The subject line read, Writing is Prohibited. I breathed a sigh of relief.

After beginning the memoir writing course with an excited and optimistic gung-ho attitude, by week five I found myself struggling. I completed the exercises but it was a challenge. For the first time since I started the course, writing felt hard. I’ve written for years but not like this. I questioned whether I had it in me to write in this new way. On top of that, after reading a handful of the recommended memoirs I began feeling overwhelmed, thinking “I’ll never be able to write a book like these authors.” Especially since I still had no idea what my book would even be about. A memoir is not an autobiography. It’s more than a chronicle of a person’s life. It’s a story, with a theme and a message, that uses select life events to tell it.

The instructor, Alison Wearing, clearly knows the learning-to-write-memoir process, and her students.

When I read the email, I silently thanked her for this well-timed reprieve. The pressure to write every day now gone, I could avoid the frustration I’d felt the last few times I’d sat down to write, only to delete the words from the page and close the document. I couldn’t even manage to eke out a vomit draft, what Alison calls the first draft, and what writer Anne Lamott terms shitty first drafts. It’s often what we start with, just getting content onto the page. Editing and re-writing eventually turns those shitty first drafts into pieces worth reading. But I couldn’t even manage to write a shitty first draft. The words I kept typing in an effort to express the story in my head never quite materializing into any coherent form.

I had already undertaken a self-imposed writing break before the email showed up.

Now it was my instructor’s directive. Instead of assigning more writing exercises she advised, THIS IS READING WEEK, acknowledging that reading is passive writing. Though I’ve never thought of reading that way, since enrolling in this course I’ve found that statement to be true. I read with a completely different eye now. One that ingests not only the content, but the way it’s delivered, the author’s voice and writing style, and the bigger story it tells. Reading memoir is helping me determine what kind of memoir writer I want to be. I immediately resonate with some author’s writing styles, while others have me returning the book to the library after just a few chapters.

After removing the pressure to write for a few days, something pretty exciting happened: the theme for my memoir revealed itself!
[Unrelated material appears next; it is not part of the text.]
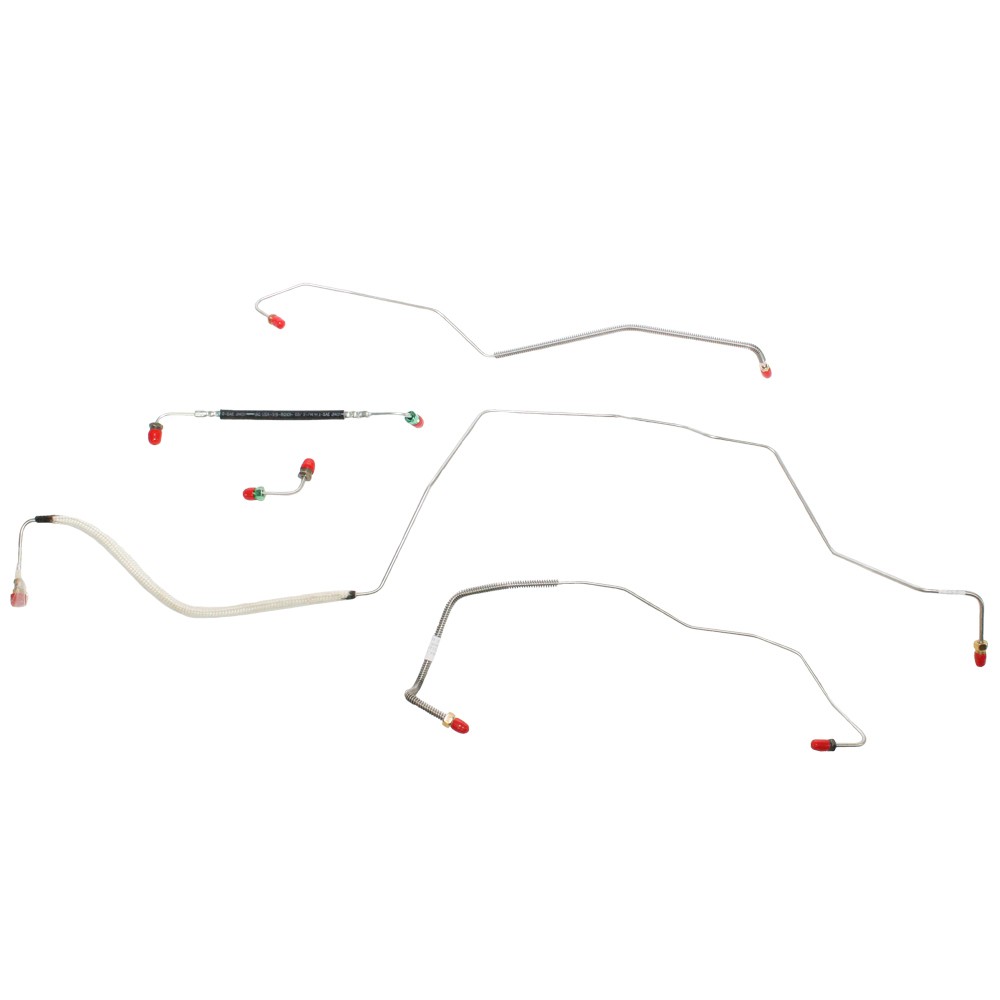 99-05 Buick Century Front Brake Line Kit AWABS Traction Control-AKT0001OM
For the past five weeks I’ve been writing whatever comes up, trusting the process, and hoping it would become clear what the book I’ve felt called to write for more than a year is supposed to be about. Alison has repeatedly remarked that’s often how it works. The story finds us, as long as we keep writing.

Sure enough, in the midst of this writing break, I believe my story has found me.

I’m going to stay open to the idea that landed, as well as to the fact it may still evolve, but oh does it feel good to have a clear direction! It’s like a light has been turned on to illuminate the path as I move forward on this memoir writing journey. I will continue to write short essays as ideas present themselves but now I can also start thinking about stories that illustrate the larger theme I believe I’m supposed to be writing about.

I’m going to continue this week with passive writing (i.e. reading) because even that is now bringing me clarity instead of frustration. And with family coming to visit for the holidays I have another reason to step away from writing for a bit. I know when I resume the memoir writing course after this short hiatus I will return to the lessons and writing exercises with a renewed sense of curiosity, inspiration, and excitement for what lies ahead.